A estrelinha só tentava ajudar a eu me sentir melhor, mas eu já estava cansada demais de chorar e adormeci. No novo dia, o mau humor me pegou e eu não quis falar com ninguém. A noite, a estrelinha pareceu adivinhar e não foi me visitar. Dormi sentindo falta de muitos amigos. Minha mãe veio se deitar perto do casulo para tentar me deixar melhor. Quando amanheceu, eu senti uma enoooorme vontade de andar por aih, mesmo no chão sujo e jogar bola. Mas o dia se passou comigo praticamente estática no casulo. Quando a noite chegou:

- A minha mãe explicou que você é uma futura borboleta, não é? Eu já entendi tudo. Metamorfose é... como eu posso explicar... Olha, ninguém pode viver sua vida por você.... Você precisa ser forte e acreditar que só depende de você. Você vai sair daí logo logo e vai voar bem pertinho de mim. - Disse a estrela.
- Eu espero - Respondeu a lagartinha de maneira mais conformada.
- Acredite! Você vai ser uma borboleta tão radiante dependendo da sua maneira de se preparar para esse feito! - Finalizou a estrelinha.
- Sabe - com um certo receio a lagartinha continuou - Ontem, você não veio conversar comigo, certo? Mas até que foi bom... Pude ter certeza de uma coisa.
- Foi bom??? - se espantou a estrelinha - Que certeza você teve?
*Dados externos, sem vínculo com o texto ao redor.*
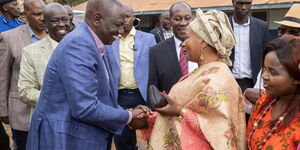Machakos Governor Wavinya Ndeti with Preisent William Ruto in Kitui on October 23, 2022 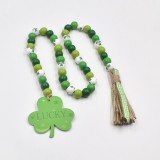 LUCKY Beaded Saint Patrick's Day Colored Wooden Beads, Hemp Rope Tassels Decoration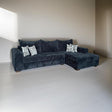 Memphis Black Sectional Sofa main view in black upholstery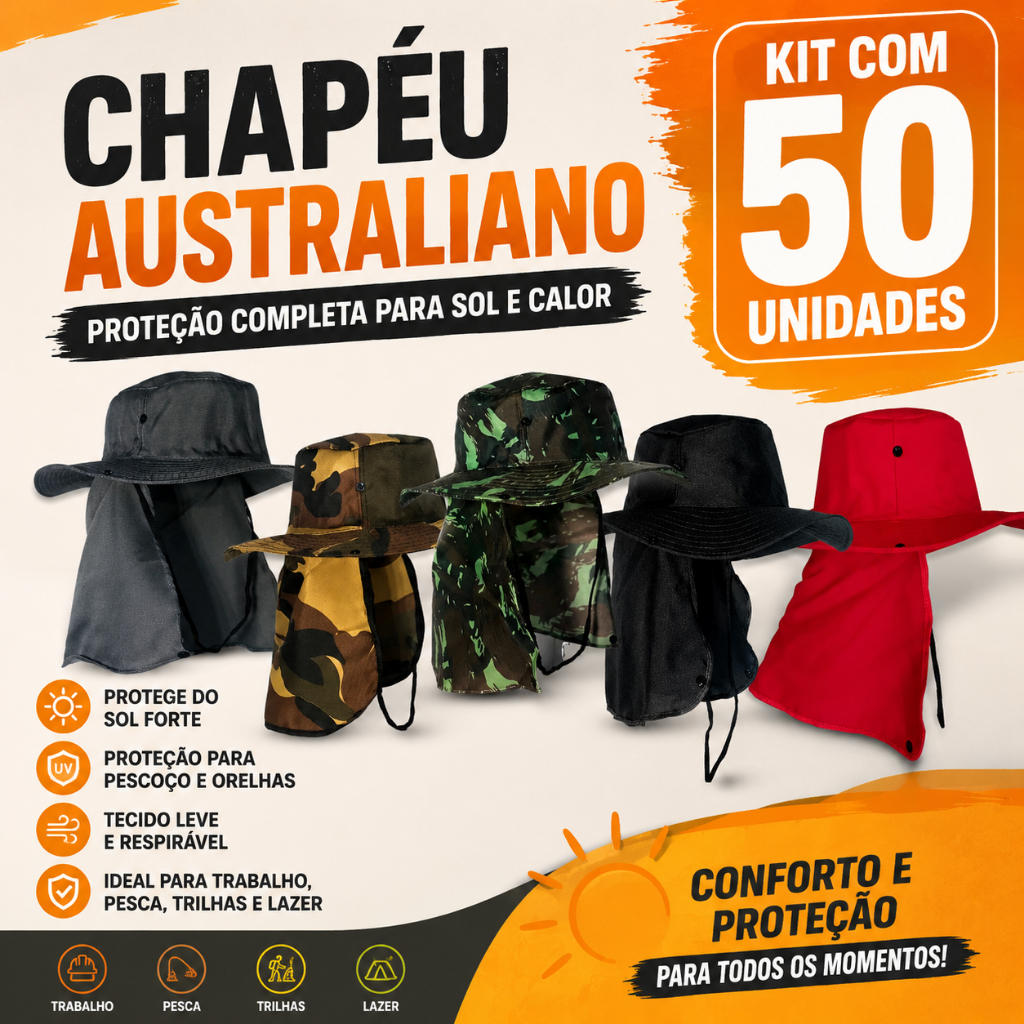 Kit com 50 Chapéus Australianos UV Aba Larga com Proteção de Pescoço para Pesca, Camping, Trilha e Aventuras Outdoor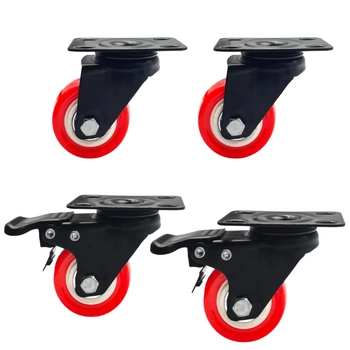Zestaw 2+2 koła skrętne do 40kg PVC 50mm płyta czerwony bieżnik hamulec/bez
- É porque ontem uma estrela passou por aqui e eu pensei por um breve momento que era você. Senti uma alegria tão grande daquelas que não se consegue medir. Mas percebi no minuto seguinte que aquele brilho não era o seu... E a alegria se converteu em tristeza.
- Ainda não entendi. Isso foi bom? - INdagou a estrela confusa.
- Claro! Eu pude perceber que você me cativou! Não vê? Você é minha amiga! Sua existência já é parte dos meus sentimentos. Você é mais que uma simples estrela para mim agora. É a minha estrela amiga.
- Puxa! Somos amigas mesmo? Você gosta de mim? Porque eu já gosto muito de você, mesmo não podendo te ver por inteira com meus olhos, já te vejo muito com meu coração.
A lagartinha sorriu desejando que sua amiga estrela pudesse vê-la sorrir e se despediu para mais uma manhã que se anunciava.